Vendo que a empregada não o compreendia, tentou ainda um último recurso: «Não percebe que se formos nós a fazer as limpezas das salas vocês acabam por ficar sem emprego?» De nada valeu a apelação, e acabou por voltar atrás para, diligentemente, apagar o quadro, não sem sorrir por dentro como somente os sábios fazem: «Eu ainda consigo limpar quadros, mas a ela gostava de a ver a ter que demonstrar o princípio de Bernoulli…».

A empregada ficou contente pois cumprira com eficácia o seu dever de zelar pela higiene da casa. Terminada a tarefa, o colega dirigiu-se ao refeitório para almoçar. Havia, como habitual, uma fila de espera, desta vez mais longa do que o normal pois havia apenas uma funcionária de serviço, a qual dividia os seus afazeres entre a caixa registadora e as panelas da comida que ia repondo como podia.

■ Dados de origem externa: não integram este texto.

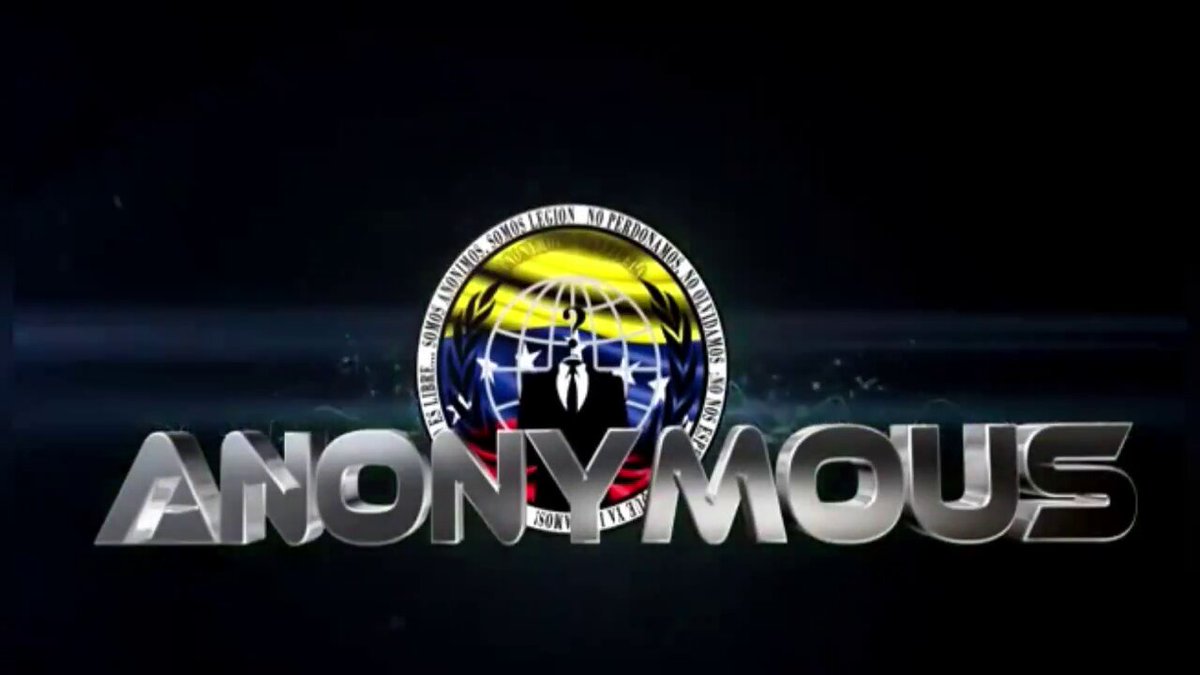 🚨| URGENTE: Anonymous envía un contundente mensaje al tirano Nicolás Maduro: “Hoy en Venezuela es la hora de un cambio para eso contamos con el apoyo de toda nuestra legión a nivel mundial. Por esto exigimos la liberación de todos los presos políticos”. 🇻🇪 vía ANONYMOUS VENEZUELA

Chegada a sua vez, o colega serviu-se a si próprio, colocando no tabuleiro as doses certas constituintes da refeição. Sentou-se e comeu em silêncio. Após o repasto levantou-se e, notando a funcionária que ele se afastava da mesa sem tirar o tabuleiro (o telefone entretanto tocara e ele falava com alguém sobre um projeto internacional de I&D), de imediato o interpelou de modo enfático: «Então e o tabuleirinho, está-se a esquecer não é!?».

Ele interrompeu a chamada, algo atrapalhado, e foi à mesa buscar o tabuleiro, colocando-o no carrinho. A funcionária diligente sorriu, feliz por ter cumprido o seu dever de vigilância das regras do refeitório.

Findas as tarefas da tarde, o meu colega decidiu rumar a casa, não sem antes notar que o automóvel estava na reserva. Dirigiu-se ao posto de abastecimento mais próximo, fez o pré-pagamento e abasteceu ele mesmo a viatura, arrastando a custo até à boca do depósito a pesada mangueira suja de gasóleo. Regressado à caixa para recolher a fatura (a fatura, segundo as regras, o “sistema” só a podia emitir depois de feito o abastecimento), esperou na fila e reclamou das mãos sujas pela mangueira que não estava limpa.

O funcionário, zeloso, informou que existiam toalhetes junto às bombas, dos quais o meu colega devia ter-se provido antes de abastecer, prevenindo assim a possibilidade de sujar-se. A culpa era dele, portanto, e para a fatura faltava ainda a matrícula da viatura, situação que obrigou o meu colega a sair e a aproximar-se novamente do carro, pois era algo que ele não sabia de cor.

Na rádio que ligou a caminho de casa falava-se, como habitualmente, da crise e do desemprego. «Um flagelo; um autêntico cancro social!» vociferava um comentador que, pela conversa, devia ser economista. Na portagem demorara-se por causa dos trocos: a máquina automática não os tinha para a sua nota de vinte euros, e respondia cuspindo a nota com uma voz monotónica. Ainda ponderou ir-se embora sem pagar, mas faltou-lhe a coragem.

Em qualquer circunstância, era seu dever de utente pagar o “serviço”, e temia as represálias da concessionária caso por alguma razão o não fizesse. Cansado do seu dia e finalmente chegado a casa, notou que havia à porta sacos de lixo para despejar no ecoponto. Havia num deles muitas garrafas de vidro, algo que lhe causava desconforto ter que deitar fora. «A reciclagem ganhou à reutilização, por razões que a razão “ecológica” desconhece…» – pensou. Nada a fazer, portanto.

Importante era ser um bom ecocidadão; separar o lixo de acordo com as regras municipais, e colocá-lo a horas certas nos locais designados, e nos recipientes próprios, para o efeito. Foi o que fez durante quase meia hora, até regressar a casa para finalmente jantar. Na televisão anunciavam-se novos despedimentos e, com grande entusiasmo, um cientista previa que em breve haveria nas autoestradas europeias camiões a circular… sem camionista.

Deitou-se, cansado de tanta peripécia, Nessa noite sonhou que era estivador, e que manobrava junto ao rio uma enorme grua sem manobrador. Sim: em sonhos as contradições até têm alguma graça.